In this workshop series, you will learn how to create a simple split view controller iPhone app. Before you begin I assume you know to use:
Every thing else related to creating the split view controller iPhone app is covered in the workshop series. Let’s start off with some background information on the split view controller.
The Default Behavior of The Spit View Controller
The Split View Controller is a container controller that was originally designed only for the iPad. Now in iOS 8 it can be used on both the iPhone and the iPad. In this section, I discuss the default behavior of the split view controller on the iPad and the iPhone Device. On an iPhone or iPad device, in landscape orientation, the split view controller’s job is to display a primary view controller on the left side of the device’s screen and a secondary view controller on the right side of the device’s screen. Tapping a table row in the primary view controller display details for that row in the secondary view controller.
When the device switches into portrait orientation, the secondary view controller occupies the entire screen. The user can click a button to bring up the primary view, which will occupy the entire screen. The default location of the button is on the secondary view controller’s navigation bar. Alternatively, the swipe right gesture is used to bring up the primary view. The opposite gesture dismiss the primary view. On the iPhone simulator, the swipe right gesture is done by click-dragging from left to right-see image below. The opposite gesture dismiss the primary view.

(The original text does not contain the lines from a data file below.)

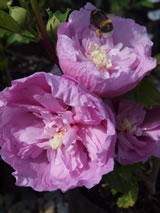 Hibiscus syriacus 'Heidi'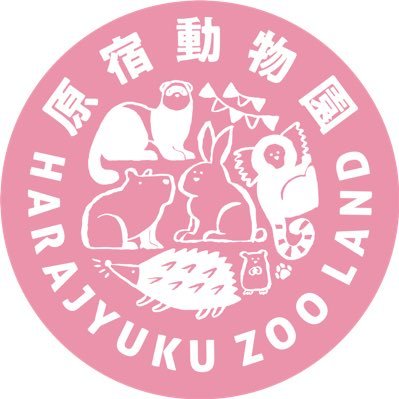 HARRY 原宿かわいい動物園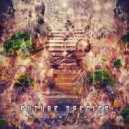 Future Species - Quantum Field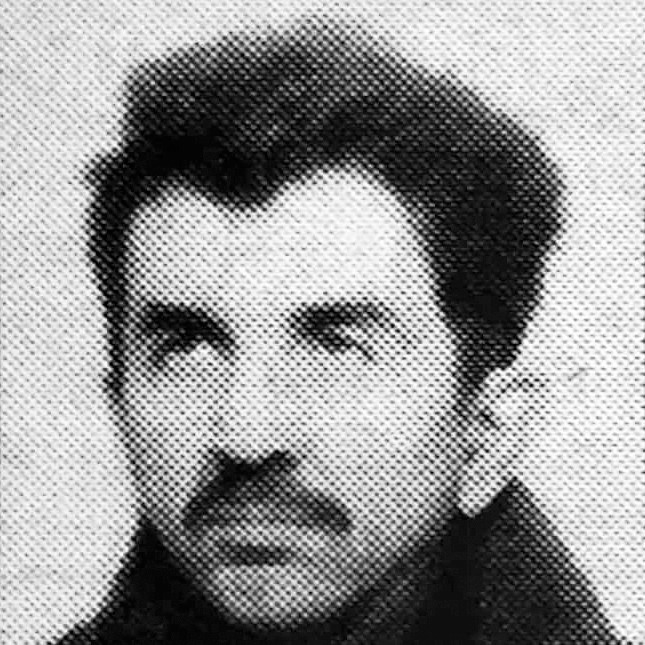 Miroslav Šaulić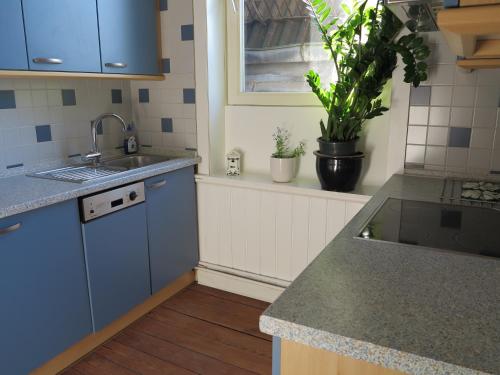 a kitchen with blue cabinets and a sink and a window at Ferienwohnung Krempe in Krempe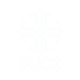 Logo PUCE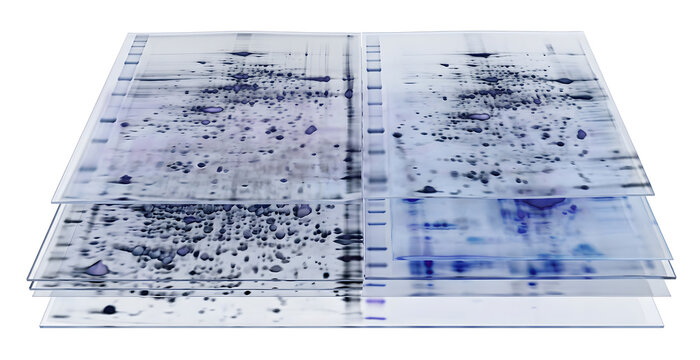​High-Resolution 3D Render of Plant Proteome 2D Gel Electrophoresis Analysis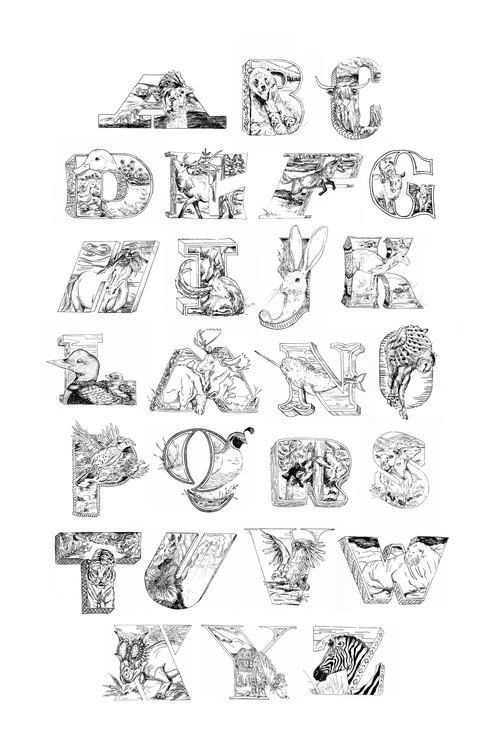Animal Alphabet #animal #alphabet #letter #lettering #a #b #c #d #e #f #g #h #i #j # k # l #m #n #o #p #q #r #s #t #u #v #x #y #z #qual #nar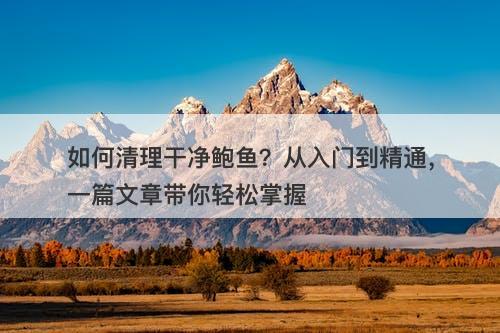 如何清理干净鲍鱼?从入门到精通,一篇文章带你轻松掌握-图1 如何清理干净鲍鱼?从入门到精通,一篇文章带你轻松掌握-图1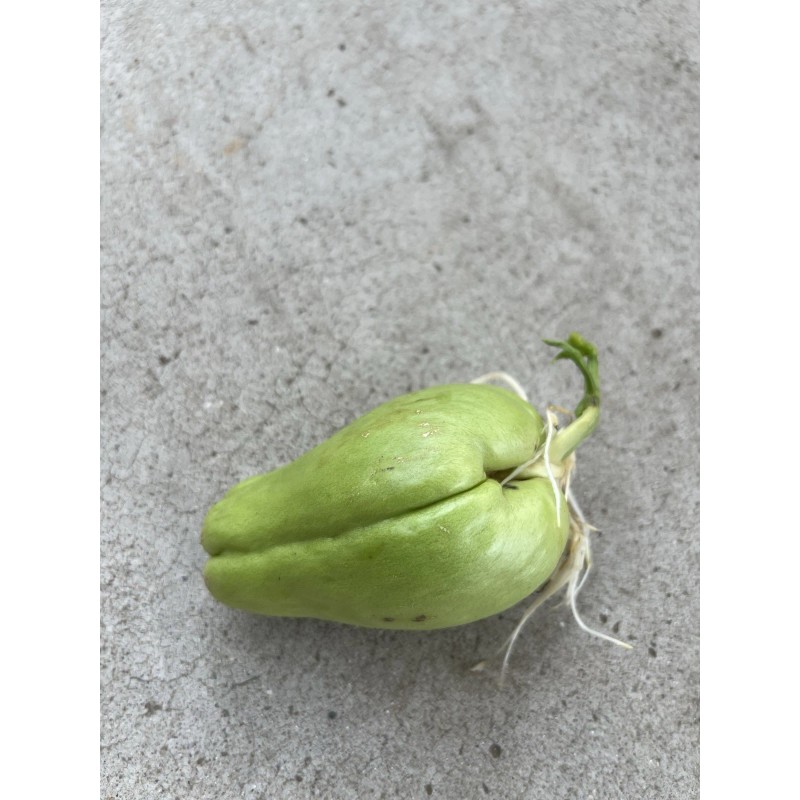 Chayote Squash 1 Sprouted Chayote Squash Ready To Plant Buy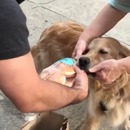 miniature pour Un chien se laisse caresser pour voler de la nourriture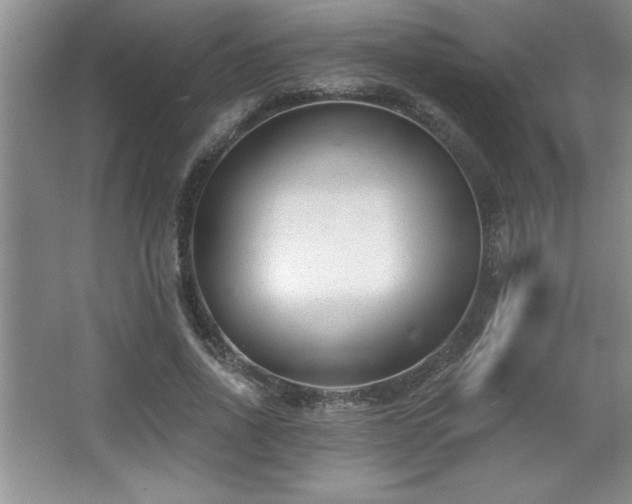 X0000065950734200603061124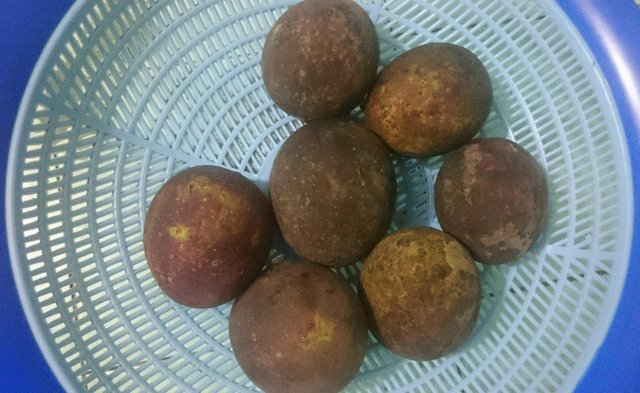 Buah Kumbang Manis Dan Asam Buah Steemit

The Container View Controller
Now, according to Apple’s documentation; if you are going to use a split view controller in your application, it should be the application’s root view controller and you must embed it in a container view. The reason for this is two fold:
- to properly display the split view controller, when the device orientation changes.
- to override the split view controller’s parent view controller trait collection.
By default the split view controller’s parent is the application window and you can’t override its trait collection. So you have to add a view controller on the storyboard, add a container view in it, then embed the split view controller in the container view. Confused? This diagram of the view controllers hierarchy should help.
As shown in above digram, the view controller is now the window’s root view controller. So in the end, the container view’s trait collection is the one that you’ll override. There’s one more thing you need to know before we get started in building the split view application and it is trait collection.
First of all, a trait is a property that describes a certain aspect of a screen. A trait collection is a set of properties that describe a specific device, and it contains these traits:
- Horizontal size
- Vertical size
- Device idiom
- Display scale
Further more, size classes are considered to be traits. For example, this trait collection describes an iPhone in portrait orientation.
- Compact horizontal size class
- Regular vertical size class
- Device idiom: iPhone
- Display scale: 2.0
Now, there are three vital points I want to make about trait collection:
- Every view controller inherits its parent’s trait collection, and that inheritance start from the Window all the way up to the Screen, as shown in this diagram.
- Every parent view controller can override the trait collections of its child view controller.
- A trait collection allows custom layout in certain scenarios.
That’s all you need to to know about traits and trait collections. This basic knowledge will come in handy when we override the split view controller’s inherited trait collection and modify its child view controller’s size classes; thus enabling us to properly display the split view controller, when the device orientation changes. The new iOS SDK provides some really useful methods to do so, and once you get the meaning of trait collections you’ll see that overriding them is easy task.